La recepción de Jesucristo sacramentado bajo las especies de pan y vino en la sagrada Comunión significa y verifica el alimento espiritual del alma. Y así, en cuanto que en ella se da la gracia invisible bajo especies visibles, guarda razón de sacramento. Jesús al instituir la Eucaristía le confiere intrinsecamente el valor sacramental pues a través de ella Él nos transmite su gracia, su presencia viva. Por ello, la Eucaristía es el más importante de los sacramentos, de donde salen y hacia el que van todos los demás, centro de la vida litúrgica, expresión y alimento de la comunión cristiana.

Sacramento de Unidad

Al referirnos a la Eucaristía como Comunión, estamos proclamando nuestra unión entre todos los cristianos y nuestra adhesión a la Iglesia con Jesús.
Por ello, la Eucaristía es un sacramento de unidad de la Iglesia, y su celebración sólo es posible donde hay una comunidad de creyentes.

Sacramento del amor fraterno

La misma noche que Jesús instituyó la Eucaristía, instituyó el mandamiento del amor. Por lo tanto, la Eucaristía y el amor a los demás tienen que ir siempre juntos. Jesús instituye la Eucaristía como prueba de su inmenso amor por nosotros y pide a los que vamos a participar en ella, que nos amemos como El nos amó. Y, en este sentido, la Eucaristía tiene que estar necesariamente antecedida por el sacramento de la Reconciliación pues el recibir el “alimento de vida eterna” exige una reconciliación constante con los hermanos y con Dios Padre.

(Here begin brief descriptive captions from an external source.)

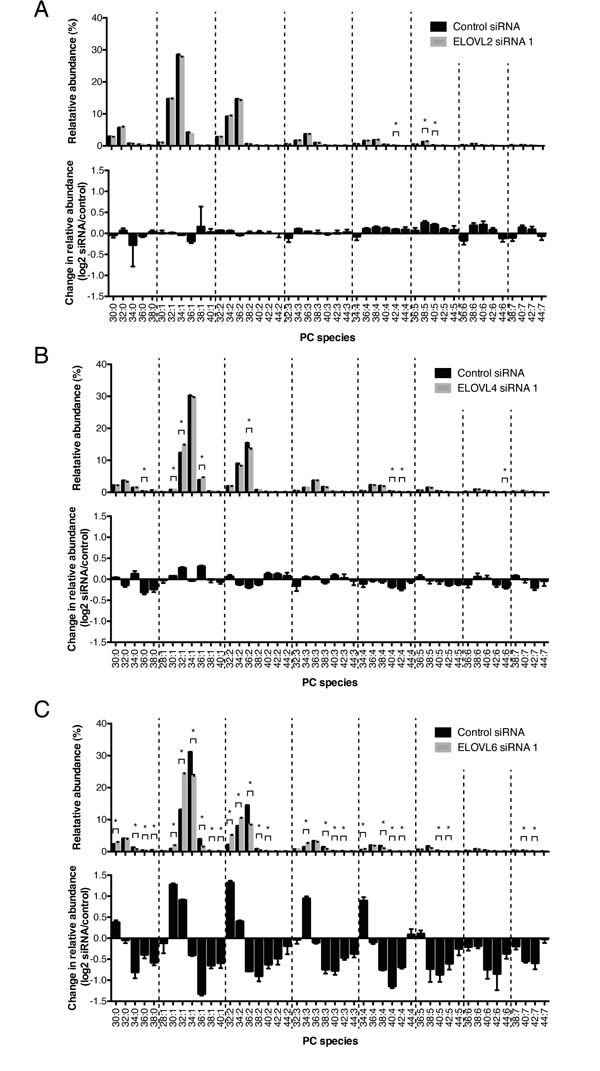 Effect of knockdown of ELOVL2, 4 and 6 on acyl chain elongation in 2427PT lung SCC cells.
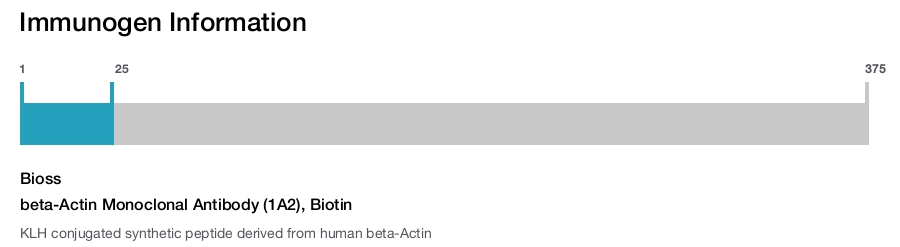 beta-Actin Monoclonal Antibody (1A2), Biotin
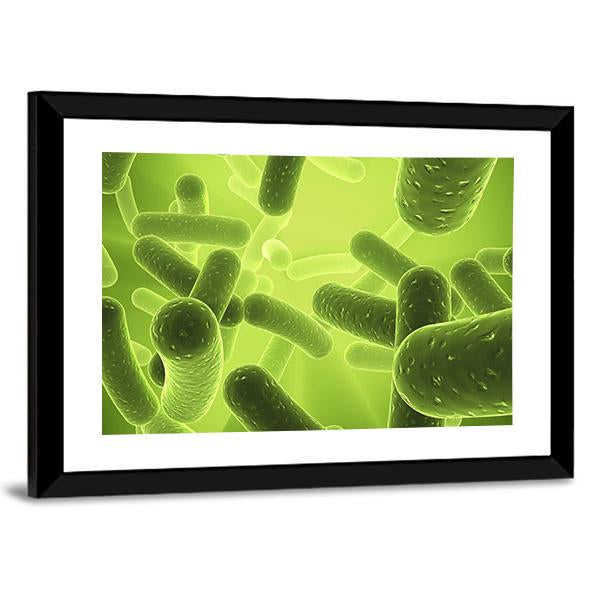 Structure Of Bacteria Canvas Wall Art-3 Horizontal-Gallery Wrap-25" x 16"-Tiaracle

El misterio eucarístico, desgajado de su propia naturaleza sacrificial y sacramental, deja simplemente de ser tal. No admite ninguna imitación «profana», que se convertiría muy fácilmente (si no incluso como norma) en una profanación.
Esto hay que recordarlo siempre, y quizá sobre todo en nuestro tiempo en el que observamos una tendencia a borrar la distinción entre sacrum y profanum, dada la difundida tendencia general (al menos en algunos lugares) a la desacralización de todo.
En tal realidad la Iglesia tiene el deber particular de asegurar y corroborar el sacrum de la Eucaristía. En nuestra sociedad pluralista, y a veces también deliberadamente secularizada, la fe viva de la comunidad cristiana -fe consciente incluso de los propios derechos con respecto a todos aquellos que no comparten la misma fe- garantiza a este «sacrum» el derecho de ciudadanía. El deber de respetar la fe de cada uno es al mismo tiempo correlativa al derecho natural y civil de la libertad de conciencia y de religión.
Los ministros de la Eucaristía deben por tanto, sobre todo en nuestros días, ser iluminados por la plenitud de esta fe viva, y a la luz de ella deben comprender y cumplir todo lo que forma parte de su ministerio sacerdotal, por voluntad de Cristo y de su Iglesia.

Los frutos eucarísticos

Al recibir la Eucaristía, nos adherimos íntimamente con Cristo Jesús, quien nos transmite su gracia. La comunión nos separa del pecado, es este el gran misterio de la redención, pues su Cuerpo y su Sangre son derramados para el perdón de los pecados. La Eucaristía fortalece la caridad, que en la vida cotidiana tiende a debilitarse; y esta caridad vivificada borra los pecados veniales.
La Eucaristía nos preserva de futuros pecados mortales, pues cuanto más participamos en la vida de Cristo y más progresamos en su amistad, tanto más difícil se nos hará romper nuestro vínculo de amor con El.
La Eucaristía es el sacramento de la Unidad, pues quienes reciben el Cuerpo de Cristo se unen entre sí en un solo cuerpo: La Iglesia. La comunión renueva, fortifica, profundiza esta incorporación a la Iglesia realizada ya por el Bautismo.
La Eucaristía nos compromete a favor de los pobres; pues el recibir el Cuerpo y la Sangre de Cristo que son la Caridad misma nos hace caritativos. (Aciprensa).